投稿: ちょんだん! こぶぎ | 2013年8月21日 (水) 22時39分
なるほど、たしかにあのとき、분이(ブンニ、「~の方が」の意味)という言葉を多用していました。「ブンニ」が「ブンリ」に聞こえた可能性は、十分に考えられます。しかし、「ハンサムな方が」と言われた記憶はありません。
いま思い出したのですが、学生の一人に、「今どこの大学に通っているんですか?」と質問したときに、その学生と、こんなやりとりをしました。
「とんぎょんえそぬん むすんてはくえ たにご いっそよ?」
「せいぶぶんり てはくよ」
「せいぶぶんり てはく?」
「ねー。さいたまえ いんぬん」
「さいたまえ いんぬん せいぶぶんり てはくよ?」
「ねー。せいぶぶんりてはくよ」
ひょっとしたら「せいぶぶんり てはく」の「せいぶぶんり」が、「セイキョウブンリ」に聞こえたのかもしれません。
…というか、そうに違いない!
投稿: onigawaragonzou | 2013年8月21日 (水) 23時04分
えー、これじゃフツーの通りすがりの会話ですわん。お互い敬語のやりとりですし。イケメン自慢トークじゃなかったの?
さて、明日も「美術館の隣の図書館」へ通いますから、もう寝ますよ。美術館の方へも行ってみたんですが、志のある企画展ですし、料金も800円と安いので、何度でも見に行けます。

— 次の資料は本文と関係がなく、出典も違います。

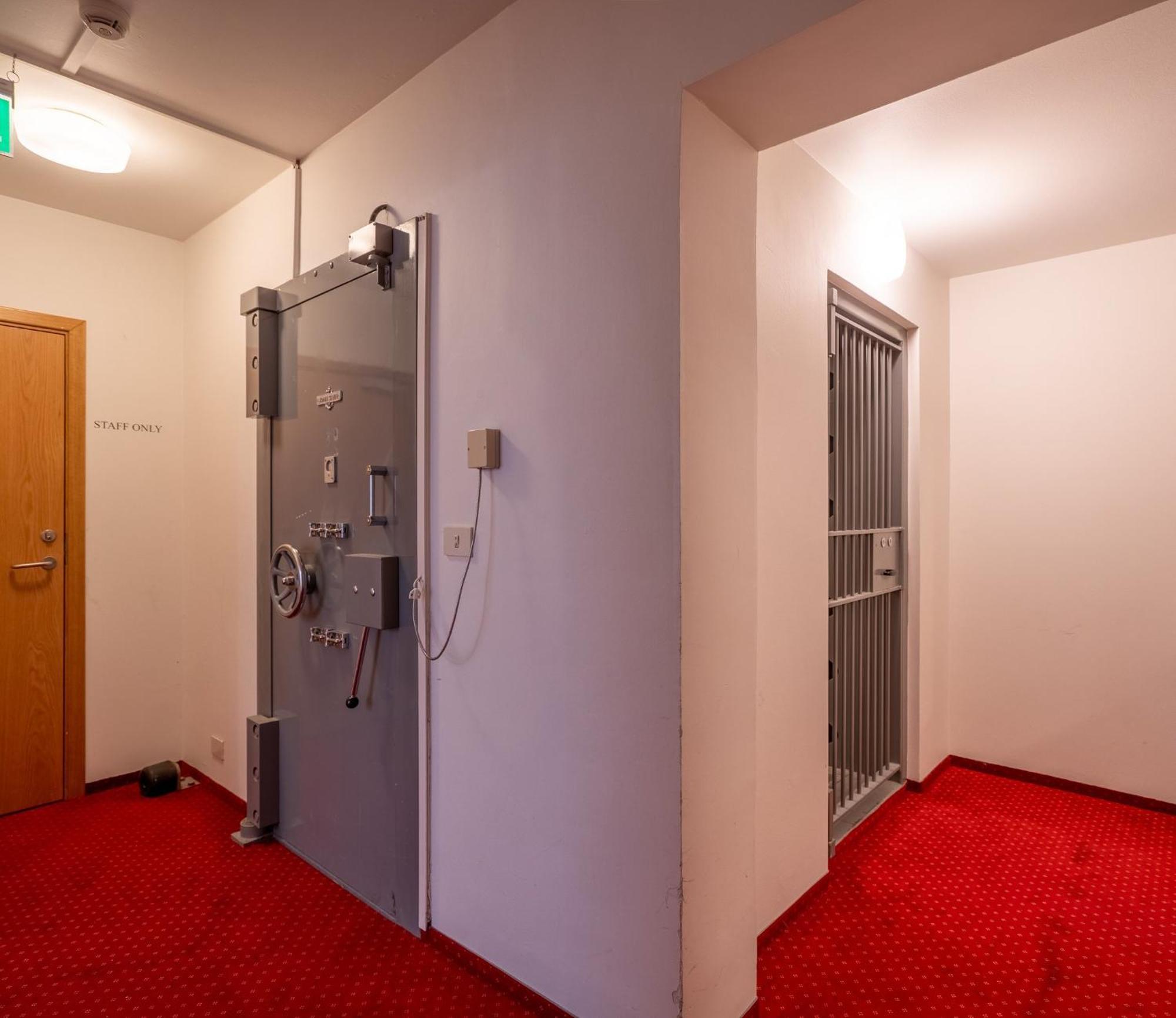 Hotel Eskifjoerthur Ngoại thất bức ảnh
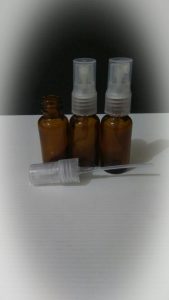 Botol serum 15 ml | Botol spray 15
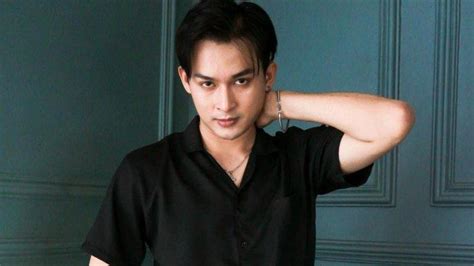 Sosok Steven Stenly, Konten Kreator Ganteng yang Dermawan dan Tajir ...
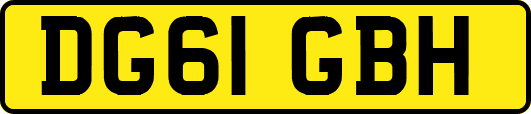 DG61GBH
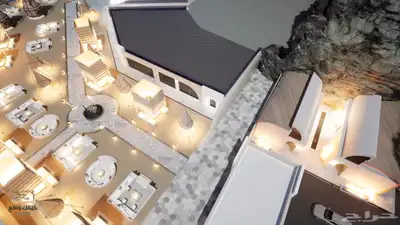 تصاميم مصمم ديكور تصميم داخلي مهندس معماري تصميم فديو 77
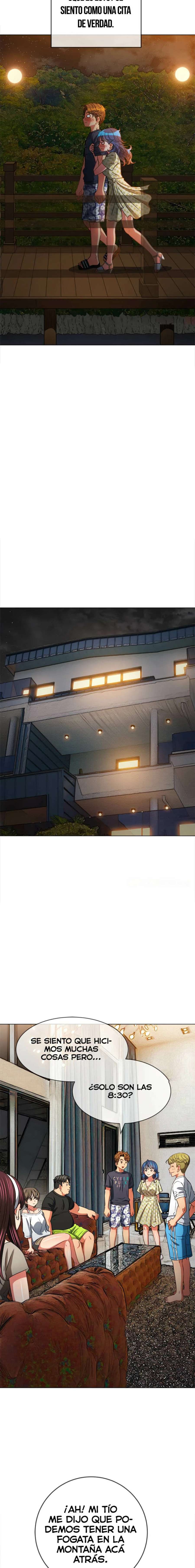 My High School Bully Capítulo 151 - Page 17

来月までやっていますので、時間があればぜひ。
あとねえ、「アダム12」の流れで往時のアメリカ製ドラマ・アニメのネタで、エンディング曲を探して見たんですが、英語のオリジナル動画を見てみると、そもそもアチラさんには「エンディング曲」なんて概念がないようで。
あってもオープニングとエンディングが同じ曲だったり(アダム12、世界の料理ショー)、
映画みたいな「クレジット」だけだったり(トムとジェリー)
エピソードによって最後に流れる曲が違ったり(刑事コロンボ)、
そもそもオープニング曲自体、日本放映時に付け加えたものだったり(チキチキマシーン猛レース)。
ちなみに「奥様は魔女」のオープニング曲は英語版でもあの曲ですが当然、例の「奥様の名前は..」の名ナレーションはついてません。
たぶん、日本でドラマテーマ曲のレコードを出すようになった折、レコードのB面が余ってしまうので、オープニングとエンディングを別にして、2曲収録するようになったのでは?
というわけで、ネタになりませんでしたので、この場を借りてご報告申し上げます。